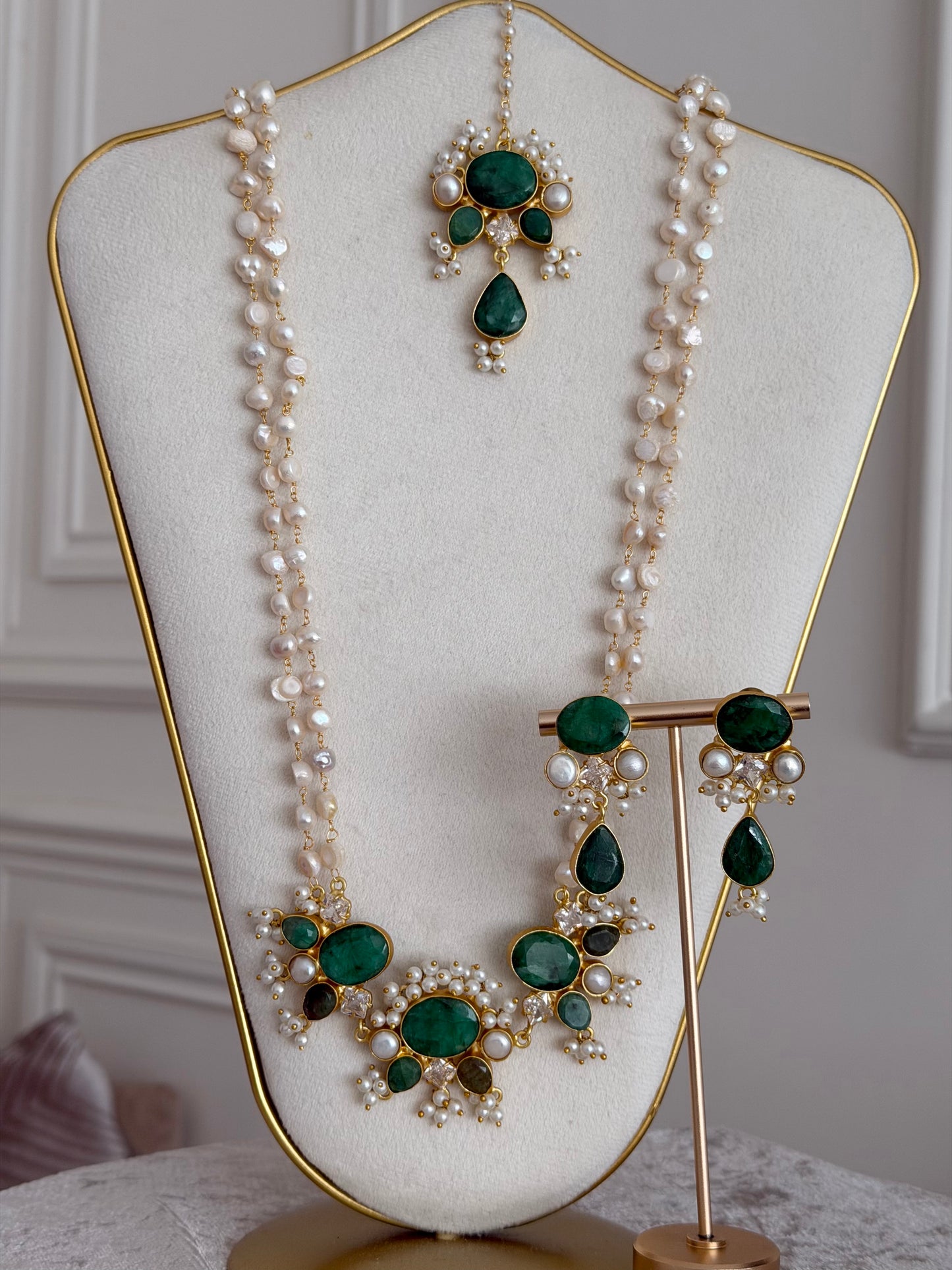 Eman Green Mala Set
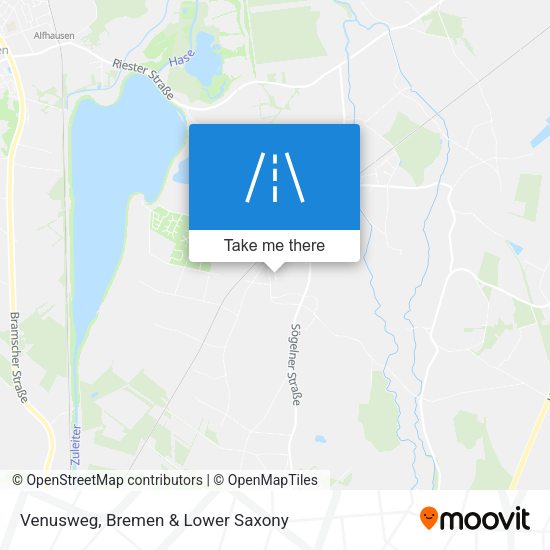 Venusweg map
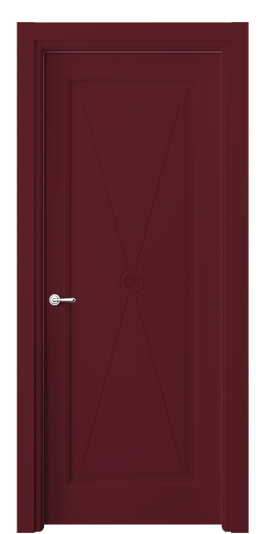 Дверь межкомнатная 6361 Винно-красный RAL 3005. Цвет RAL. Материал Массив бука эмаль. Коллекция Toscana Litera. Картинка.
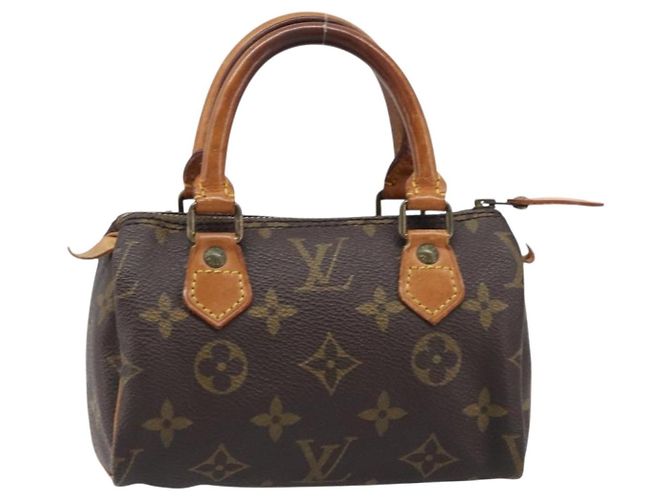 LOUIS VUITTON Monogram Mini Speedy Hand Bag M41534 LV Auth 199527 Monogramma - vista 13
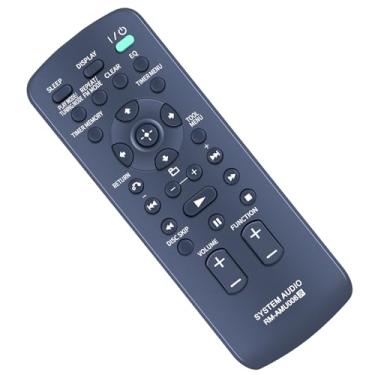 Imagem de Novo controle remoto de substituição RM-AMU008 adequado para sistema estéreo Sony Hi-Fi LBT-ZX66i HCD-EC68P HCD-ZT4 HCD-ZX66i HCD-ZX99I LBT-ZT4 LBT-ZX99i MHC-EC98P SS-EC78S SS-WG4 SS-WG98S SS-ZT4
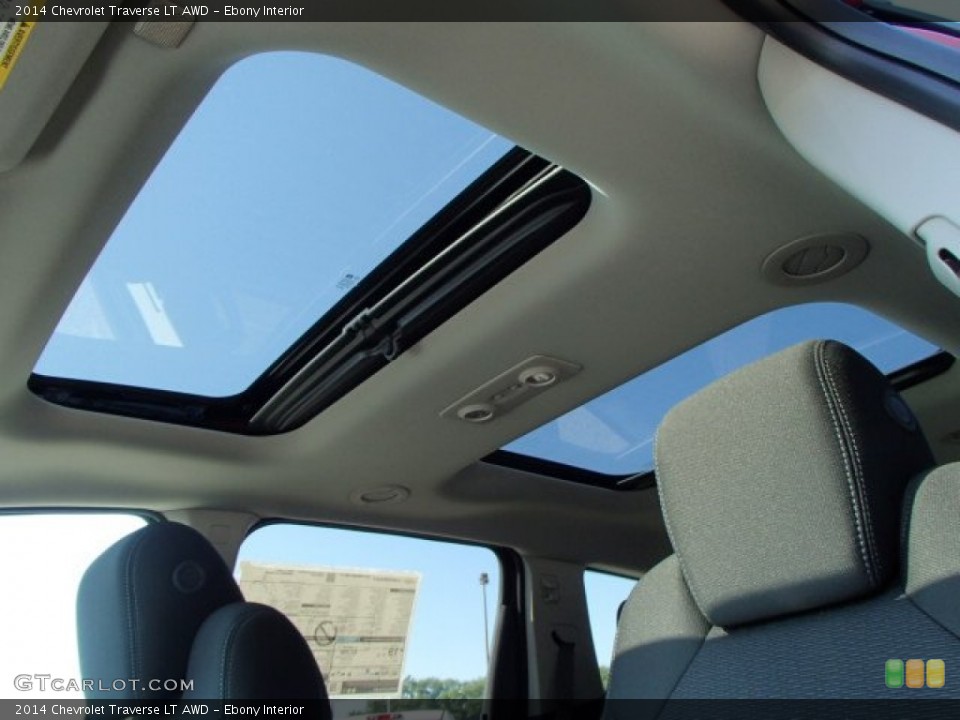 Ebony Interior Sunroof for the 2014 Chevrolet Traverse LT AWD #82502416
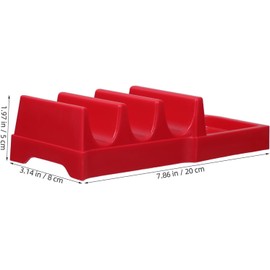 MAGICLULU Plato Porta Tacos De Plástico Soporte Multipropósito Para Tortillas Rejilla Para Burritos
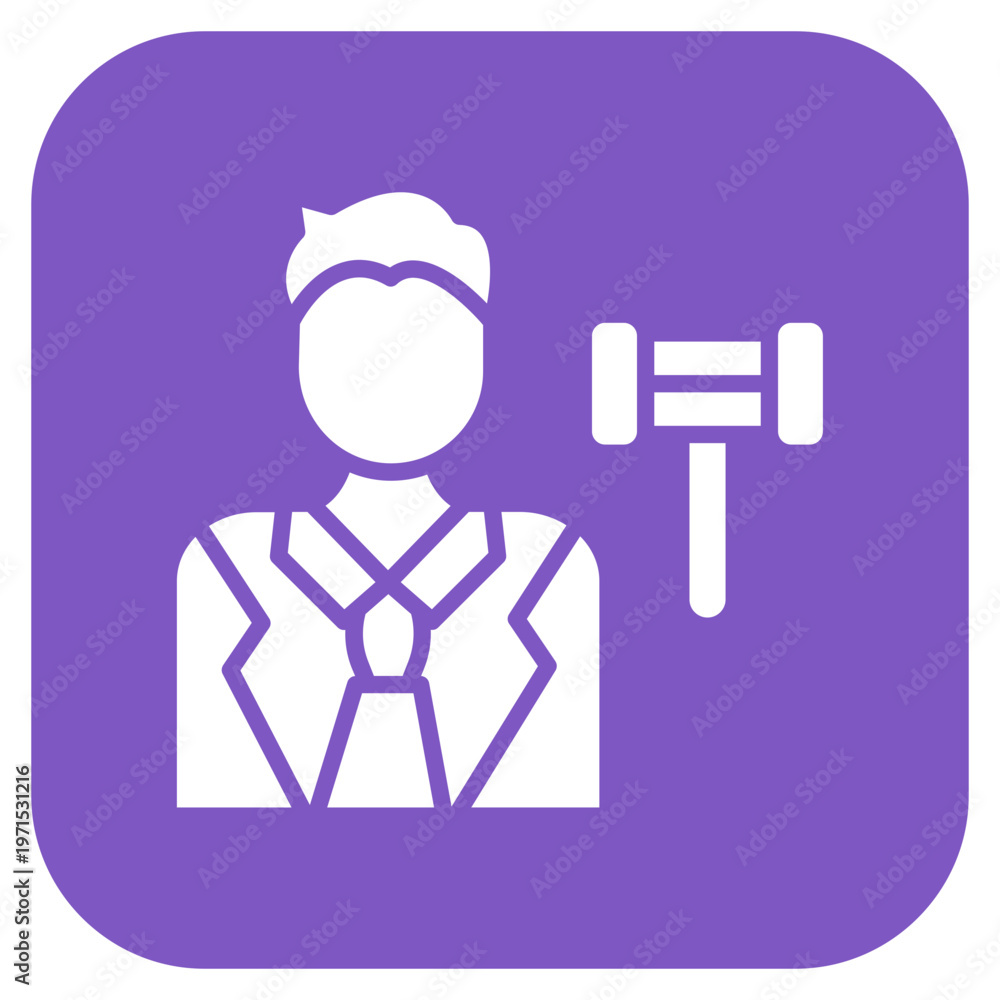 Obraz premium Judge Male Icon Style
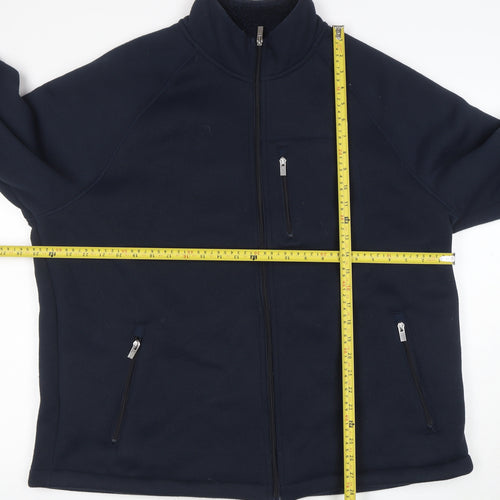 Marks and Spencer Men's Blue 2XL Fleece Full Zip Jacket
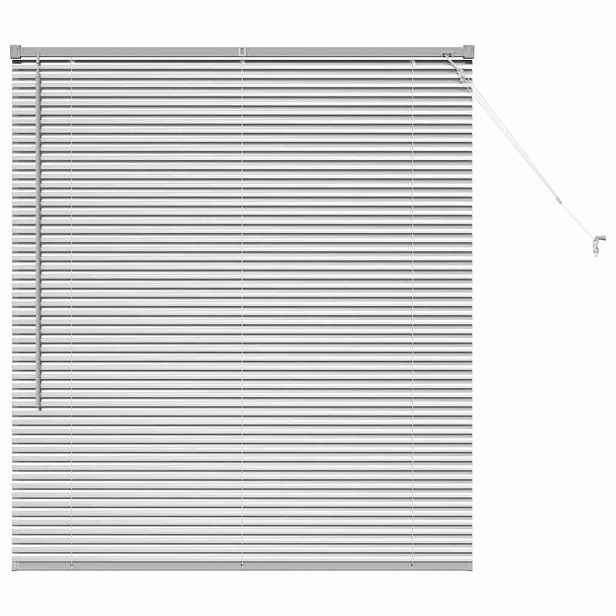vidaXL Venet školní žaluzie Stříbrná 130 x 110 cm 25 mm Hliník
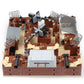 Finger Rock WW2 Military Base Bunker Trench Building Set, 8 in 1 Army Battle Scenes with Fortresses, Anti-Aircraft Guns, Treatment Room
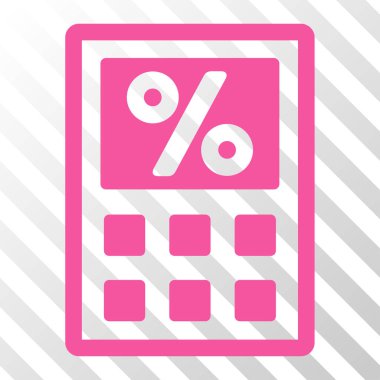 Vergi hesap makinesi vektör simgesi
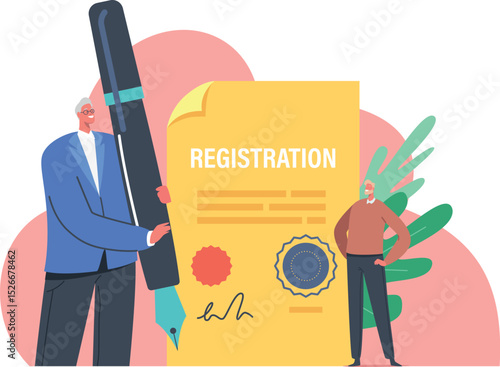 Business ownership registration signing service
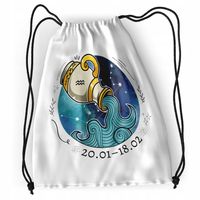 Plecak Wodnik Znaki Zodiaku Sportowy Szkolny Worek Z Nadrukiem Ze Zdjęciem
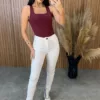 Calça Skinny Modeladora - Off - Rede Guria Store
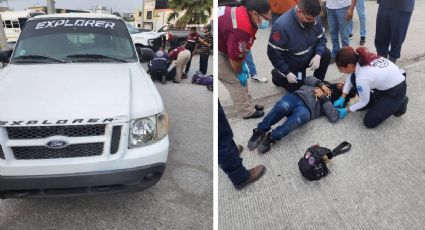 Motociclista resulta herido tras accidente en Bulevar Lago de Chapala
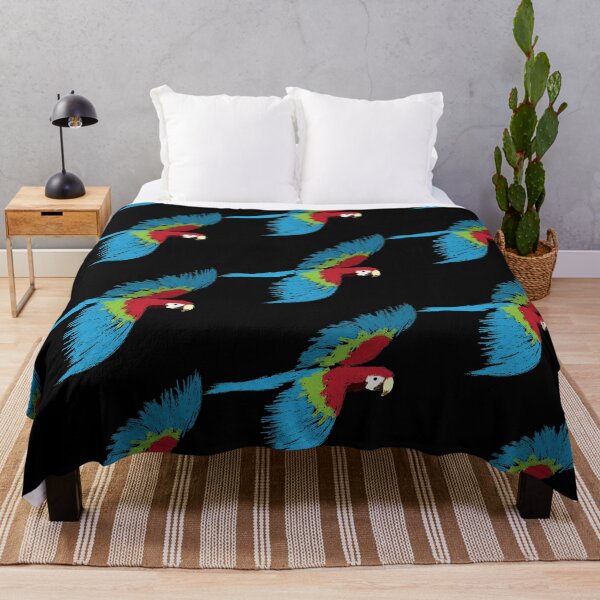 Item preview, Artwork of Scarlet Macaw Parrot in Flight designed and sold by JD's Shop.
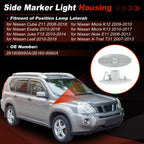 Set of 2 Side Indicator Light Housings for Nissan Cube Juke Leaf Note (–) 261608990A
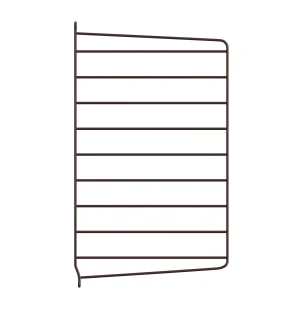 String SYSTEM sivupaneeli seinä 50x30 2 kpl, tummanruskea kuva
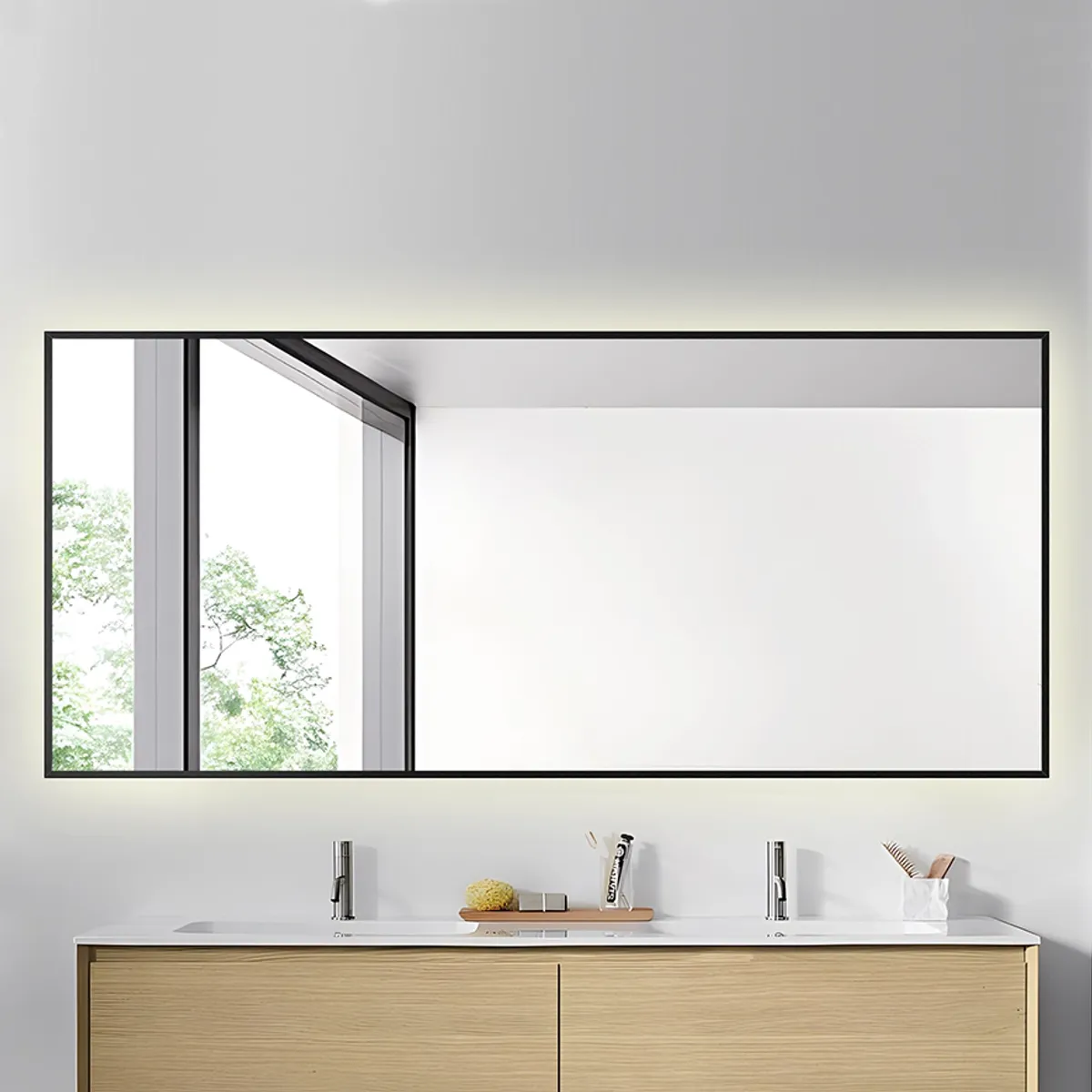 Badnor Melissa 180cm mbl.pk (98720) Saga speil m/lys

Description of the task — Your copy should match every entry above exactly and contain no pictures.

Answer to the problem —
 Eman Green Mala Set
 Venusweg map
 Дверь межкомнатная 6361 Винно-красный RAL 3005. Цвет RAL. Материал Массив бука эмаль. Коллекция Toscana Litera. Картинка.
 LOUIS VUITTON Monogram Mini Speedy Hand Bag M41534 LV Auth 199527 Monogramma - vista 13
 Imagem de Novo controle remoto de substituição RM-AMU008 adequado para sistema estéreo Sony Hi-Fi LBT-ZX66i HCD-EC68P HCD-ZT4 HCD-ZX66i HCD-ZX99I LBT-ZT4 LBT-ZX99i MHC-EC98P SS-EC78S SS-WG4 SS-WG98S SS-ZT4
 Ebony Interior Sunroof for the 2014 Chevrolet Traverse LT AWD #82502416
 MAGICLULU Plato Porta Tacos De Plástico Soporte Multipropósito Para Tortillas Rejilla Para Burritos
 Obraz premium Judge Male Icon Style
 Marks and Spencer Men's Blue 2XL Fleece Full Zip Jacket
vidaXL Venet školní žaluzie Stříbrná 130 x 110 cm 25 mm Hliník
 Finger Rock WW2 Military Base Bunker Trench Building Set, 8 in 1 Army Battle Scenes with Fortresses, Anti-Aircraft Guns, Treatment Room
 Vergi hesap makinesi vektör simgesi
 Business ownership registration signing service
 Plecak Wodnik Znaki Zodiaku Sportowy Szkolny Worek Z Nadrukiem Ze Zdjęciem
 Calça Skinny Modeladora - Off - Rede Guria Store
 Motociclista resulta herido tras accidente en Bulevar Lago de Chapala
 Item preview, Artwork of Scarlet Macaw Parrot in Flight designed and sold by JD's Shop.
 Set of 2 Side Indicator Light Housings for Nissan Cube Juke Leaf Note (–) 261608990A
 String SYSTEM sivupaneeli seinä 50x30 2 kpl, tummanruskea kuva
 Badnor Melissa 180cm mbl.pk (98720) Saga speil m/lys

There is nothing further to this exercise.